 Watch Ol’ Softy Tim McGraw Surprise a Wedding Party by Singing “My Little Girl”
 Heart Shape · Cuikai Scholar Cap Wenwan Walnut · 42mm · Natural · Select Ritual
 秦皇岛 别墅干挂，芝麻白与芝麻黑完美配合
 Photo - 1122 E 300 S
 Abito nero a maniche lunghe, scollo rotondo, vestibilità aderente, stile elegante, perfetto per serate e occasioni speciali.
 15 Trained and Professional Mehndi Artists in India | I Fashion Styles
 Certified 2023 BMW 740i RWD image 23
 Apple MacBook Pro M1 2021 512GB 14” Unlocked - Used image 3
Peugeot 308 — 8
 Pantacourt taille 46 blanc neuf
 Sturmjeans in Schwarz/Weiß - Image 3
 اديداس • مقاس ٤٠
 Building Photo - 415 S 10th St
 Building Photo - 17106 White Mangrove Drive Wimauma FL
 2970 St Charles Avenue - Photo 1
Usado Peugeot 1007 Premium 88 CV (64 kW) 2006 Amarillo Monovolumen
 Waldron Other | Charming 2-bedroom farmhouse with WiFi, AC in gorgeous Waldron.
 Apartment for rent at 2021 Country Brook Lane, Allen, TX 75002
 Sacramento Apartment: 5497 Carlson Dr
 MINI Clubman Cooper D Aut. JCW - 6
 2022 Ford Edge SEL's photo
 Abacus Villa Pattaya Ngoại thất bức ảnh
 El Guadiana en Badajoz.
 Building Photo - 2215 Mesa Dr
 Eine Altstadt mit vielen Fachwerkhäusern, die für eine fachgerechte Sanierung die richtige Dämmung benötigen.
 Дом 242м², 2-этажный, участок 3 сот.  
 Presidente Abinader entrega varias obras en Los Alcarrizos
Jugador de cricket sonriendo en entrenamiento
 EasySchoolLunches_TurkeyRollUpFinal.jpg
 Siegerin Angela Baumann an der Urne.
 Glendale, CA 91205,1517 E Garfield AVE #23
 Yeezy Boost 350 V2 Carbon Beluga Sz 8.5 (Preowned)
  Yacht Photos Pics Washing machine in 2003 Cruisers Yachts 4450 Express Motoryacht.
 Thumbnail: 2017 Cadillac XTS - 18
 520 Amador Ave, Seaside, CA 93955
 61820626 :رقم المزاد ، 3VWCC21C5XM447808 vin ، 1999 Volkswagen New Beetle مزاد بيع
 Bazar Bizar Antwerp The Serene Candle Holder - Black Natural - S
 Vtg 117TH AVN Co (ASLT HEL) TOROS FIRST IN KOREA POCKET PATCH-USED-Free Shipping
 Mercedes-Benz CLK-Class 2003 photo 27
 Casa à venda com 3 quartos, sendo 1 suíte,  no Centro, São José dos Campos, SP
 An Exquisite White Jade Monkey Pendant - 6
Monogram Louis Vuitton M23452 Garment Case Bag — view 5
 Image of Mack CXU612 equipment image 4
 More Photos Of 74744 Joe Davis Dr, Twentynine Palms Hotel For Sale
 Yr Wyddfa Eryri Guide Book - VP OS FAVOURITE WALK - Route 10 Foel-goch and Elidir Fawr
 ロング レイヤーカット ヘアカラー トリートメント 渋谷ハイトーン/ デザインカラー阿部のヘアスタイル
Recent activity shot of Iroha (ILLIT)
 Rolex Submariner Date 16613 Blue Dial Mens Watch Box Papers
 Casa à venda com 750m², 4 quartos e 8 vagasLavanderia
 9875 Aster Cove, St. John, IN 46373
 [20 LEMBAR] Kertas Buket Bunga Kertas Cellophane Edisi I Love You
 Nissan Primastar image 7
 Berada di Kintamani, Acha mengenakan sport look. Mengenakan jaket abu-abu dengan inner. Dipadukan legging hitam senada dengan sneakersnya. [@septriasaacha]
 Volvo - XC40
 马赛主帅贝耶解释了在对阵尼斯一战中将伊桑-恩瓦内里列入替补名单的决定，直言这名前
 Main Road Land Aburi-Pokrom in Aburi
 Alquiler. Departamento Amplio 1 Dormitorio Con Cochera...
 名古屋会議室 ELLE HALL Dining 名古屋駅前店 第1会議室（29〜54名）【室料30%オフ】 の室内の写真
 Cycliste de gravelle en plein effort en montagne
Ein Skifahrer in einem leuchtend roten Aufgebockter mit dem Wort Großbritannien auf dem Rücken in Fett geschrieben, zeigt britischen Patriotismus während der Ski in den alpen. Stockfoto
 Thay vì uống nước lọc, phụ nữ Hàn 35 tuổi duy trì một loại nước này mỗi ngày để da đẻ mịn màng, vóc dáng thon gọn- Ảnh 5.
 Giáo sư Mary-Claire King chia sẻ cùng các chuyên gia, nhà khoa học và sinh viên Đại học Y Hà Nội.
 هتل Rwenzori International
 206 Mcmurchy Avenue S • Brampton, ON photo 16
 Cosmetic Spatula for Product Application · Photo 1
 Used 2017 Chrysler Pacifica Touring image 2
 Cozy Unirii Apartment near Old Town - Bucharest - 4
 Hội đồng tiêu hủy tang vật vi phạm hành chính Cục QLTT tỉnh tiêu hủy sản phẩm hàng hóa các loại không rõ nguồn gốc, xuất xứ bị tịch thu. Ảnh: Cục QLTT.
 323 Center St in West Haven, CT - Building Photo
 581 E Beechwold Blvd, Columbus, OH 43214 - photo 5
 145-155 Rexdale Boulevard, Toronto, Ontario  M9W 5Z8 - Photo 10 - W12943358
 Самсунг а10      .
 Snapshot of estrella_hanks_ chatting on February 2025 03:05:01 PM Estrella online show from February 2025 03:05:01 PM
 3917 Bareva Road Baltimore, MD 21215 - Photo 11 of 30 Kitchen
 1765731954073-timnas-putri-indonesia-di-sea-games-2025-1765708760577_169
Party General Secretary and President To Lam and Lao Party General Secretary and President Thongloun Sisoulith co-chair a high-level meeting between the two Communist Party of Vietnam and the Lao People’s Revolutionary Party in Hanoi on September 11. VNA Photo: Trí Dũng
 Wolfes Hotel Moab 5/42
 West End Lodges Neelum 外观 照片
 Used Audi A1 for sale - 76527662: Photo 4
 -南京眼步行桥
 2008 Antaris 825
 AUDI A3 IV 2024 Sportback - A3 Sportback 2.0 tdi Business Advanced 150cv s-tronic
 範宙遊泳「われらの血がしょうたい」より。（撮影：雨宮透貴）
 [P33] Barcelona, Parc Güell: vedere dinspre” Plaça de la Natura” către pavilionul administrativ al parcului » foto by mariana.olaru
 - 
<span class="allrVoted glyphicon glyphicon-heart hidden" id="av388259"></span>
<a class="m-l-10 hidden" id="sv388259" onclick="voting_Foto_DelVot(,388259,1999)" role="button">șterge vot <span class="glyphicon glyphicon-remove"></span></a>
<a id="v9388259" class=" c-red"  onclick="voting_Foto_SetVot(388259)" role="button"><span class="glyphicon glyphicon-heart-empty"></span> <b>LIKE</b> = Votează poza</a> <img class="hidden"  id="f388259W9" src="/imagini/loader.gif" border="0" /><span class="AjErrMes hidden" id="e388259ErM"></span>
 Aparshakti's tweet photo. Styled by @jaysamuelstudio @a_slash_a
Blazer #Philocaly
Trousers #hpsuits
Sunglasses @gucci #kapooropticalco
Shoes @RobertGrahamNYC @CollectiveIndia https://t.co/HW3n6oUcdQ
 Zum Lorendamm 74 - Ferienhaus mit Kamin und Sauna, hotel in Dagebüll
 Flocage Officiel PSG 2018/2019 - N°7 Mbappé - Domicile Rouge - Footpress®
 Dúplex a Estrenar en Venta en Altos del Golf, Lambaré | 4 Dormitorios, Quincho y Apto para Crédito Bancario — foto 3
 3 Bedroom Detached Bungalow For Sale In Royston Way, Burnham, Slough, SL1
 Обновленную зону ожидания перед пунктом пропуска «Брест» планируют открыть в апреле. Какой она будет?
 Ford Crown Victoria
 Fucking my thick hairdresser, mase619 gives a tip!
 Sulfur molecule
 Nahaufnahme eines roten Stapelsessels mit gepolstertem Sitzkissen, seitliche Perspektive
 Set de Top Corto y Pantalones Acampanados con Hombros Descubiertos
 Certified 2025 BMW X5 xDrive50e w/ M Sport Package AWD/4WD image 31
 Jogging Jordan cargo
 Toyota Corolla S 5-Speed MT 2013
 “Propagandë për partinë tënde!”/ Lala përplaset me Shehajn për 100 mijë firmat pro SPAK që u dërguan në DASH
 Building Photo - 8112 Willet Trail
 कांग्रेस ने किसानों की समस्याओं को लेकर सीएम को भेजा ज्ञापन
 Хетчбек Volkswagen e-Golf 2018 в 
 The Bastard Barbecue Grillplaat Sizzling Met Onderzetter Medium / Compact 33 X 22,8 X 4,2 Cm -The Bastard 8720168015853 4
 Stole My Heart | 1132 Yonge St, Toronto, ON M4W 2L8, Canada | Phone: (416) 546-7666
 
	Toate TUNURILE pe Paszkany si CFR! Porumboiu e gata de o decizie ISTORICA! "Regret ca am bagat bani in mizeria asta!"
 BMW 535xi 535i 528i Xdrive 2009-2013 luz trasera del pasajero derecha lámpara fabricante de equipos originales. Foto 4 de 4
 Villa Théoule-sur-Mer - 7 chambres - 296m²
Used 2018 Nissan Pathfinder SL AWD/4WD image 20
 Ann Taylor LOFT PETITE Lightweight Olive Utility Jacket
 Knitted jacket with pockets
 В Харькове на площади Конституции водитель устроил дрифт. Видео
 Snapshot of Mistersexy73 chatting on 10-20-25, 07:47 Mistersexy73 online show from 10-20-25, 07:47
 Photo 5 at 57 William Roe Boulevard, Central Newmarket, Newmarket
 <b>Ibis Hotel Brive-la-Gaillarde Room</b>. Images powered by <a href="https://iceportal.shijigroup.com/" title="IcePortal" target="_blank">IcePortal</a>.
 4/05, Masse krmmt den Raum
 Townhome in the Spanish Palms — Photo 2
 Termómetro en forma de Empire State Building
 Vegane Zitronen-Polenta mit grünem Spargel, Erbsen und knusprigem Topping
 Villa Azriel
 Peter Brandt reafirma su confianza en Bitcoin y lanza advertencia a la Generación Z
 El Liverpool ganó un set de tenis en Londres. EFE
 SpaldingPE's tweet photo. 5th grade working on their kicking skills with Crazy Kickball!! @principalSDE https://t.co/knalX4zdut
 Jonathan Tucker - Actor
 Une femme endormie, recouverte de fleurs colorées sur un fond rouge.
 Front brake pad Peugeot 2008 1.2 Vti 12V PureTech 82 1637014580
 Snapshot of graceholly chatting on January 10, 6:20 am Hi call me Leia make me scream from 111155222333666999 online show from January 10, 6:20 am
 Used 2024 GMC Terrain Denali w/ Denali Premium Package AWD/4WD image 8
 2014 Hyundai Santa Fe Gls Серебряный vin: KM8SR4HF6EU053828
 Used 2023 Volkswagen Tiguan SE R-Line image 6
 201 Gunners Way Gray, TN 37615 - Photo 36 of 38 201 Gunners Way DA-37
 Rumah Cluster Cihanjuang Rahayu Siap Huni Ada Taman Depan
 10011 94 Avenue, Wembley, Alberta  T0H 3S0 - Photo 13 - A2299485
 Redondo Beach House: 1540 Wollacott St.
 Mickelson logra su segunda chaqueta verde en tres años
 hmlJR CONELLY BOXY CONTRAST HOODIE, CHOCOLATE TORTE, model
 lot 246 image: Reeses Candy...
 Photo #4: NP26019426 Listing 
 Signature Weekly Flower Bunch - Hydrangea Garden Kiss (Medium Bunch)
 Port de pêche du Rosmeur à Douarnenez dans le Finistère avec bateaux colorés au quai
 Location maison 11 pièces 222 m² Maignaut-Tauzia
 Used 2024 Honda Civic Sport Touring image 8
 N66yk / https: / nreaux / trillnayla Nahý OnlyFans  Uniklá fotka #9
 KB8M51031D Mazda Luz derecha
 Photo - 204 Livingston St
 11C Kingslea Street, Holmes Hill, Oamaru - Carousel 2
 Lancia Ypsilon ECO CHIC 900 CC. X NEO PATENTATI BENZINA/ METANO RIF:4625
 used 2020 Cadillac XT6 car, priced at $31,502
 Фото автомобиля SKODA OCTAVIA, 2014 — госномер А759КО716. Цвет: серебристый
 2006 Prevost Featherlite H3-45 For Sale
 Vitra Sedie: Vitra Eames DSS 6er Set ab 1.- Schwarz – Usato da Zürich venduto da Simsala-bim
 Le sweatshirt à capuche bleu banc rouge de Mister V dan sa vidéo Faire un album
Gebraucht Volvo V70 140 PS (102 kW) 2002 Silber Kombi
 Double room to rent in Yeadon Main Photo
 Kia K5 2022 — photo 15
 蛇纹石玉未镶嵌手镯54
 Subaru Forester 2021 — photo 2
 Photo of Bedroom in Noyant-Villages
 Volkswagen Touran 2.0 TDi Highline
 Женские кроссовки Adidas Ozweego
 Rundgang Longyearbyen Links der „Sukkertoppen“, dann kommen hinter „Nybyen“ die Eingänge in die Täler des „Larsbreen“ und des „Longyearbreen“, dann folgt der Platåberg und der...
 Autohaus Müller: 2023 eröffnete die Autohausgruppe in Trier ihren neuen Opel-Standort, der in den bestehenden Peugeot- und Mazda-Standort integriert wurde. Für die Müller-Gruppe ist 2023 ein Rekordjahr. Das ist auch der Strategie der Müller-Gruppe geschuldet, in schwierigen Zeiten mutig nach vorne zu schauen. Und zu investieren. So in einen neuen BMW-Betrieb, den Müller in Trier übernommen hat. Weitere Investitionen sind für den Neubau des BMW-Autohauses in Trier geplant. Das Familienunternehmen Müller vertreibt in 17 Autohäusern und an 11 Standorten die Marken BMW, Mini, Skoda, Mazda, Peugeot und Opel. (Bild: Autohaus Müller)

########

# [Required work]
If a line in the records contains the string "online", copy it out.

# [Solution]
 Snapshot of estrella_hanks_ chatting on February 2025 03:05:01 PM Estrella online show from February 2025 03:05:01 PM
 Snapshot of Mistersexy73 chatting on 10-20-25, 07:47 Mistersexy73 online show from 10-20-25, 07:47
 Snapshot of graceholly chatting on January 10, 6:20 am Hi call me Leia make me scream from 111155222333666999 online show from January 10, 6:20 am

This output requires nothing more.